Remember the Apostle Paul’s triad: Faith. Hope. Love. These three.

First: Have FAITH, Christian, because God is in charge. Have faith that while “the arc of the moral universe is long, it nevertheless bends toward justice.” Have faith. Do not give up. You have no right to give up, Christian. Despair is not an option, Christian.

Second: HOPE: Never give up hope. To give up on Hope is to give up on God. It is also to give up on each other. Not an option, Christian. Go ahead and give up the atonement or give up the Second Coming of Christ, but you can’t give up on Hope. Not an option. To give up on hope is to give up on justice. Only those with amnesia would give up now….only those who do not recall how painful were the gains of the First and Second Reconstruction … who do not recall the lynchings, the firehoses, the dogs, the beatings, the arrests (without representation)…only those who refuse to remember how easy it was, and is, for the sturdy structures of white power to discard black lives, to grind them up and spew them out. To give up on hope is to profess an unforgivable ignorance for how hard fought is racial justice. This church is too educated for that, too well informed to profess such ignorance. Do not give up on hope. The painful birth pangs are bringing something new. Let the past be prologue.

And, LOVE: at the end of the day, that’s what all this is about. Love. Love, love of neighbor.
Love of enemy. Love of each other. Love of the hues of skin in which our God has wrapped us. Even love of the fearful. Love of the bigot. Which, at day’s end, was Dr. King’s most astonishing triumph of his many astonishing triumphs: love of enemy. Love of the bigot.

Faith. Hope. Love. These three.

The Rev William Barber has surely hit on something. At least a part of what he has hit on is the magic and the beauty, the symmetry of three, the idea and congruence of triad, of trinity.

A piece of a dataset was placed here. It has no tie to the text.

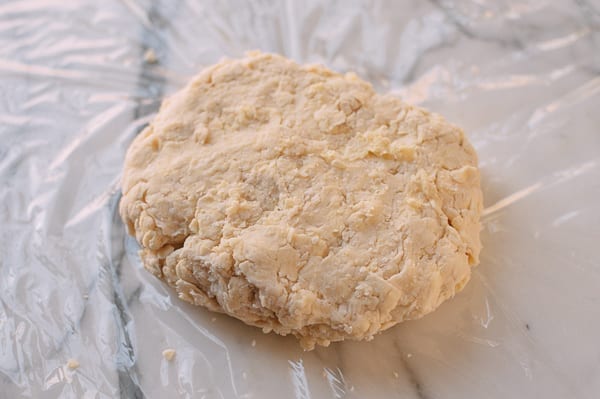 wrapping puff pastry - by thewoksoflife.com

Maybe this time, at the Third Reconstruction … maybe, if we have faith enough, if we hope for it hard enough, if we love one another enough, maybe Third time’s the charm.

__________________
I Corinthians 13. 1-7, 13 If I speak in the tongues of mortals and of angels, but do not have love, I am a noisy gong or a clanging cymbal. And if I have prophetic powers, and understand all mysteries and all knowledge, and if I have all faith, so as to remove mountains, but do not have love, I am nothing. If I give away all my possessions, and if I hand over my body so that I may boast, but do not have love, I gain nothing. Love is patient; love is kind; love is not envious or boastful or arrogant or rude. It does not insist on its own way; it is not irritable or resentful; it does not rejoice in wrongdoing, but rejoices in the truth. It bears all things, believes all things, hopes all things, endures all things. And now faith, hope, and love abide, these three; and the greatest of these is love.